• **Action item**:
Only the lines from the one containing "ALEXIASTAM 水着　新品未使用タグ付き ALEXIA" through the one containing "Mixed Breed dogs" should be printed, exactly as they appear below, with both ends included.

• **Exercise material**:
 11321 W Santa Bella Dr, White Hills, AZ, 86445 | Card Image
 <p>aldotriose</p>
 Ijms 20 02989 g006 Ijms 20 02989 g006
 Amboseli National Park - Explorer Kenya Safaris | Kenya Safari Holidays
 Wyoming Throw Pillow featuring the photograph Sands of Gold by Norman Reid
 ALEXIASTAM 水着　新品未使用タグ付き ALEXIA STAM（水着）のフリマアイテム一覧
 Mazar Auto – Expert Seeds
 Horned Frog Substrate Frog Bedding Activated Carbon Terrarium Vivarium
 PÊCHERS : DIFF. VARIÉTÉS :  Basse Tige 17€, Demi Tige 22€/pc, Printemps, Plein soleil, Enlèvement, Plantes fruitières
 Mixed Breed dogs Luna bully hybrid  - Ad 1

---

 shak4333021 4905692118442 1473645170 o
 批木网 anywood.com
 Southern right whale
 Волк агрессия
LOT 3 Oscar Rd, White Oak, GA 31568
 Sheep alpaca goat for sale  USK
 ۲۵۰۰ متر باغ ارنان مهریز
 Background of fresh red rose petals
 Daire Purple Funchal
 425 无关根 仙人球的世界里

• **Output below**:
 ALEXIASTAM 水着　新品未使用タグ付き ALEXIA STAM（水着）のフリマアイテム一覧
 Mazar Auto – Expert Seeds
 Horned Frog Substrate Frog Bedding Activated Carbon Terrarium Vivarium
 PÊCHERS : DIFF. VARIÉTÉS :  Basse Tige 17€, Demi Tige 22€/pc, Printemps, Plein soleil, Enlèvement, Plantes fruitières
 Mixed Breed dogs Luna bully hybrid  - Ad 1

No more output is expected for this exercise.